Pabrik Naik Level: 72 Lulusan TIA Siap Bawa Inovasi & Efisiensi ke Industri

JAKARTA – Toyota Indonesia Academy (TIA) kembali meluluskan 72 ahli manufaktur yang mana siap berkontribusi di meningkatkan produktivitas, efisiensi, juga efektivitas lapangan usaha nasional.
Lulusan TIA ini dibekali dengan kurikulum teknologi yang tersebut berfokus pada pengurangan inefisiensi pada manufaktur, juga pendekatan Toyota Production System serta pembelajaran berbasis proyek.
Pentingnya SDM Berkualitas di area Industri Manufaktur
Industri manufaktur Indonesia ketika ini membutuhkan SDM yang mana kompeten lalu inovatif untuk menghadapi tantangan global kemudian meningkatkan daya saing.
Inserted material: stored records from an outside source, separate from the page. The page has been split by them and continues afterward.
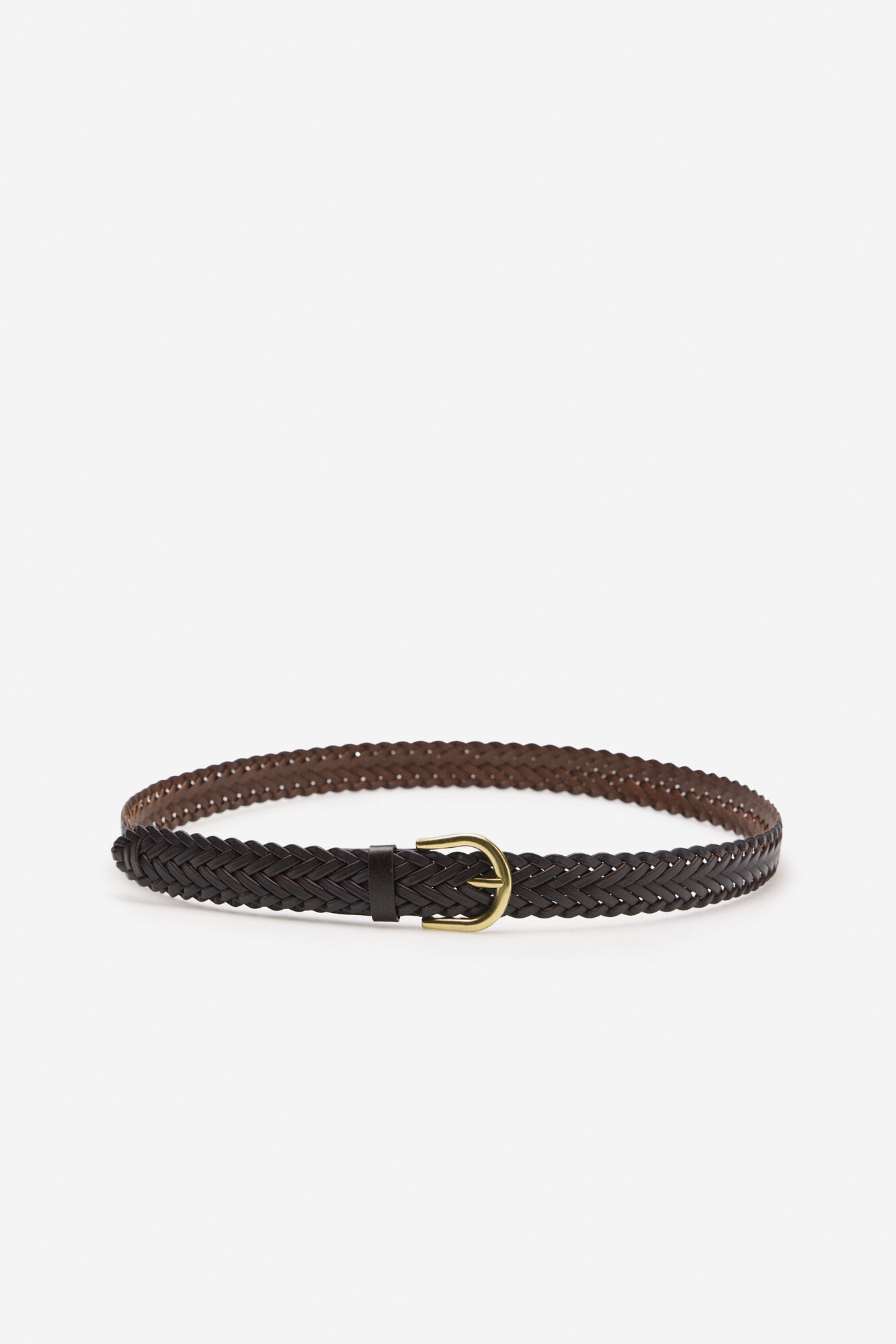 Cortefiel Classic braided belt Dark brown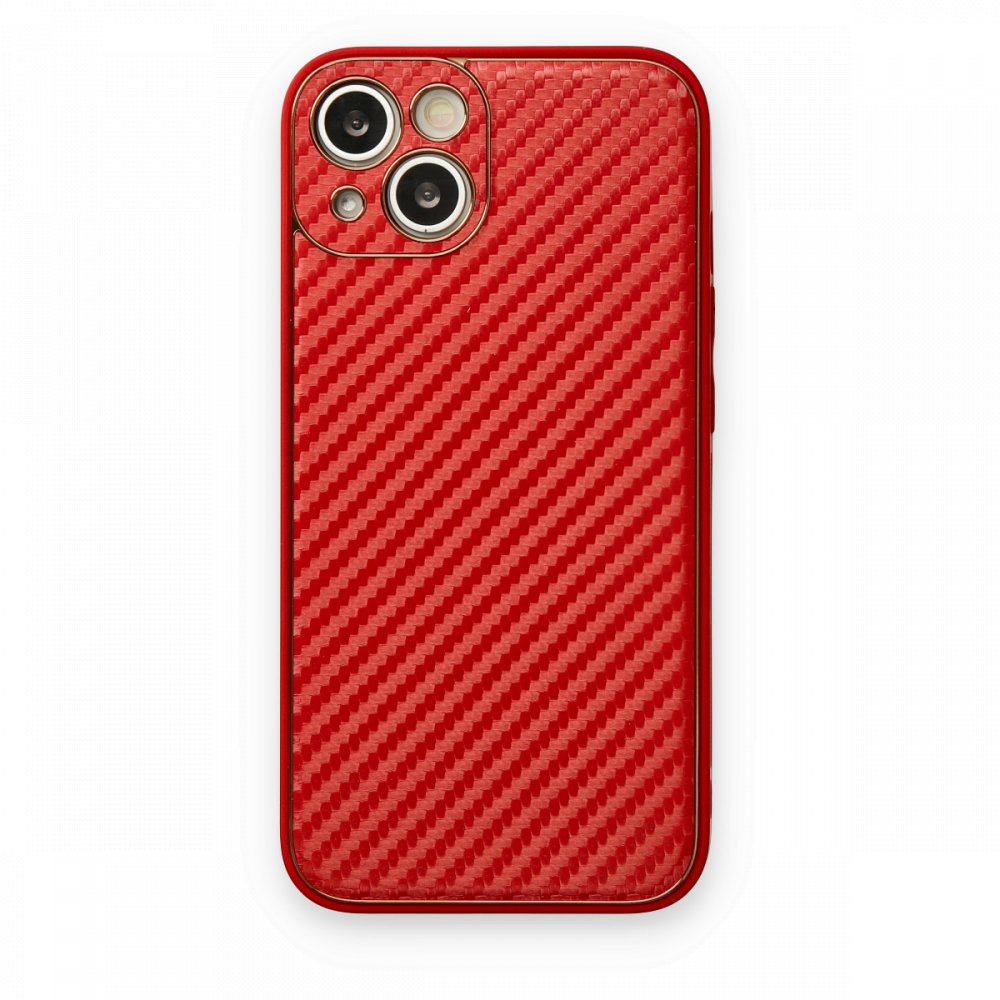 iPhone 13 Kılıf Coco Karbon Silikon - Kırmızı  iPhone 13 Kılıf Coco Karbon Silikon - Kırmızı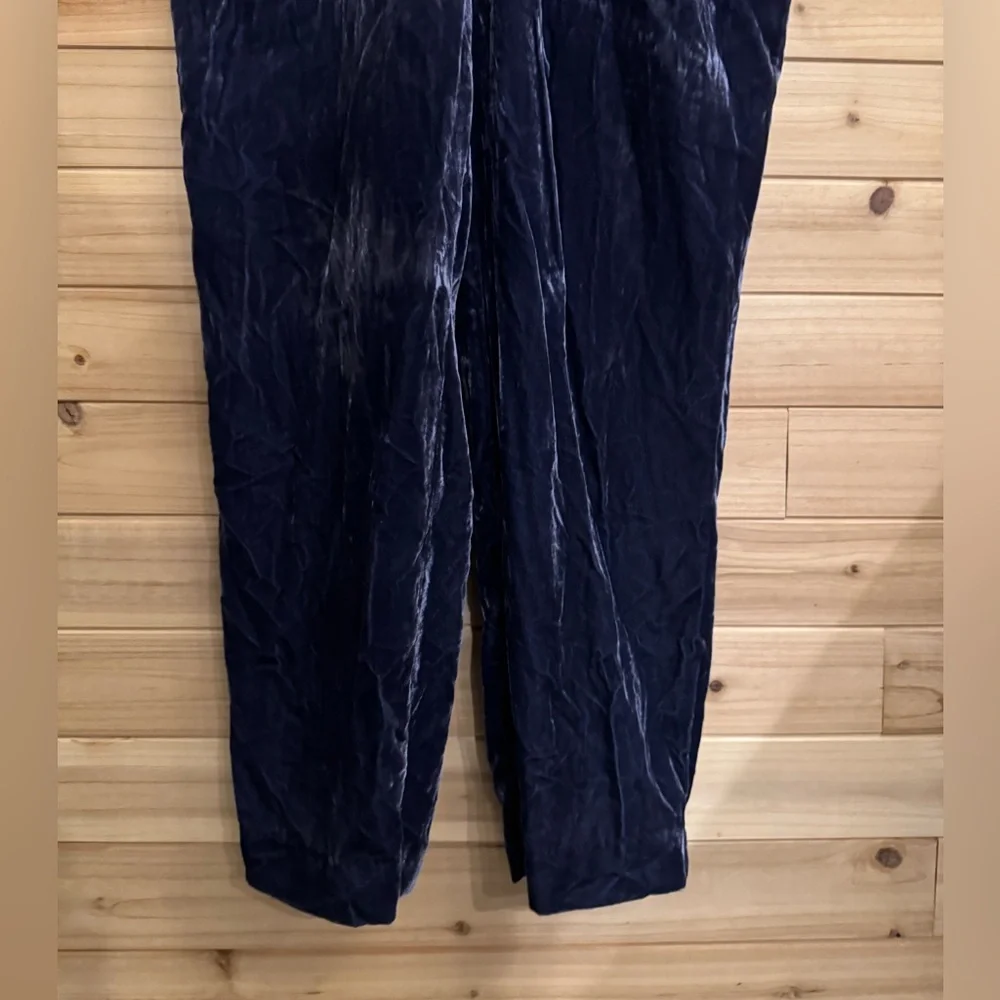 Loft XL Indigo Crushed Velvet Halter Relaxed Jumpsuit Pockets Fall Velour Party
Berdasarkan data Badan Pusat Statistik (BPS), sektor manufaktur memberikan kontribusi terbesar terhadap Ekonomi Nasional Indonesia pada triwulan II-2023, mencapai 18,25%. Oleh akibat itu, pengembangan SDM berkualitas menjadi kunci untuk menyokong perkembangan sektor ini.
Mencetak Lulusan yang mana Siap Kerja
TIA hadir sebagai solusi untuk mencetak SDM yang tersebut mampu menjawab keinginan sektor manufaktur. Dengan kurikulum yang digunakan adaptif terhadap perkembangan teknologi dan juga inisiatif pemagangan industri, lulusan TIA diharapkan dapat secara langsung berkontribusi di meningkatkan produktivitas serta efisiensi pada dunia kerja.
“TIA berperan penting di merancang SDM dengan fondasi efisiensi kuat. Sehingga lulusan TIA dapat menjadi lulusan kompeten bersertifikasi, yang dimaksud mampu bersaing menjawab tantangan bidang lalu selalu berada di dalam depan inovasi teknologi,” ungkap Nandi Julyanto, Presiden Direktur PT TMMIN.
Sementara itu, Vice President Direktur PT TMMIN Bob Azam mengumumkan bahwa lulusan TIA yang mana telah mengenyam institusi belajar karakter serta kurikulum mekatronik diharapkan dapat lebih tinggi cakap meningkatkan produktivitas dan juga efektivitas di proses produksi dalam manufaktur.
Lulusan TIA tidaklah semata-mata kompeten pada bidang manufaktur, tetapi juga berprestasi di area berbagai kompetisi pada lalu luar negeri. Hal ini membuktikan bahwa TIA berhasil mencetak SDM yang tersebut berkualitas juga mampu bersaing dalam tingkat global.
Dengan kurikulum yang adaptif lalu fokus pada pengurangan inefisiensi, lulusan TIA diharapkan dapat memberikan sumbangan nyata bagi kemajuan lapangan usaha manufakturnasional.